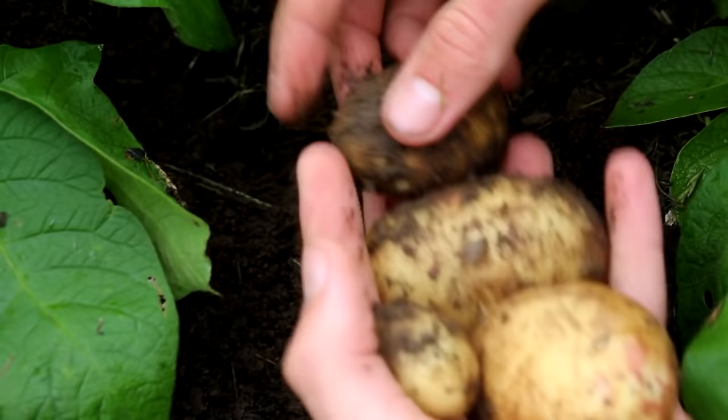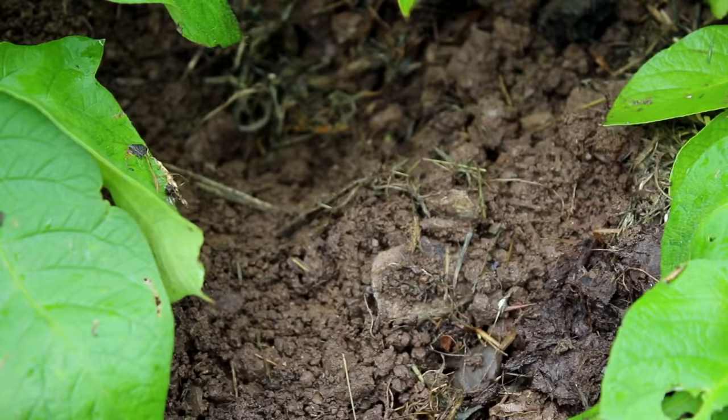Once you've dug up your potatoes, it's best to give them just a quick wash to get rid of any dirt and store them in a hessian sack in a cool dry place, then just use them whenever you want.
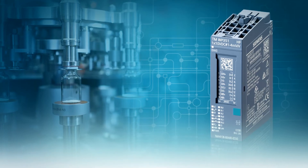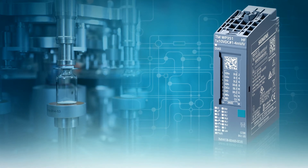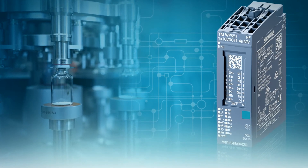Imagine having full access to an industrial weighing system from the operator station with minimal integration effort. Siemens electronic weighing modules plug directly into the I/O rack of the control system and they come with pre-built libraries that allow for full system integration in just a few minutes. These pre-built libraries give you complete access to all the scale functions from the control system.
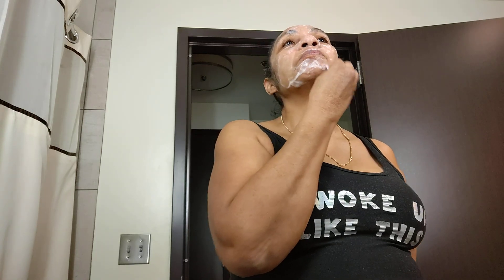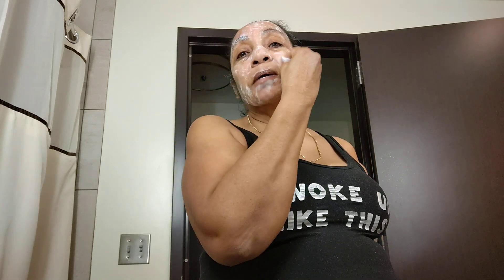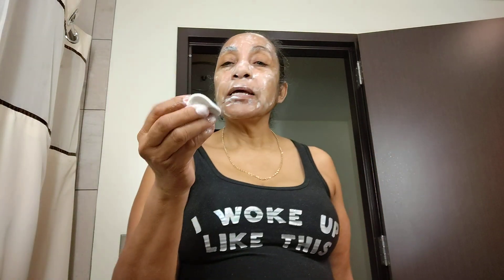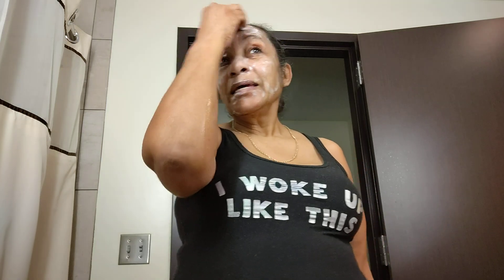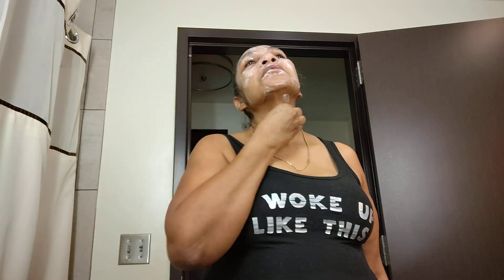These pads are kind of expensive, but afterwards your face feels so much better and you start to see a difference with marks, wrinkles, and bumps. I'm not doing this for any promotion or sponsorship - I'm just doing it because this is what I do and I want to share that with y'all. Now I'm on the scrubby side, as you can see. It's kind of like mild sandpaper, but it doesn't hurt your skin. That's what it does - it gets in there and cleans out them pores. I also do my neck with it.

....................

• What the task requires
Omit the images; transcribe the listing verbatim.

• Result of the task
Once you've dug up your potatoes, it's best to give them just a quick wash to get rid of any dirt and store them in a hessian sack in a cool dry place, then just use them whenever you want.
Imagine having full access to an industrial weighing system from the operator station with minimal integration effort. Siemens electronic weighing modules plug directly into the I/O rack of the control system and they come with pre-built libraries that allow for full system integration in just a few minutes. These pre-built libraries give you complete access to all the scale functions from the control system.
These pads are kind of expensive, but afterwards your face feels so much better and you start to see a difference with marks, wrinkles, and bumps. I'm not doing this for any promotion or sponsorship - I'm just doing it because this is what I do and I want to share that with y'all. Now I'm on the scrubby side, as you can see. It's kind of like mild sandpaper, but it doesn't hurt your skin. That's what it does - it gets in there and cleans out them pores. I also do my neck with it.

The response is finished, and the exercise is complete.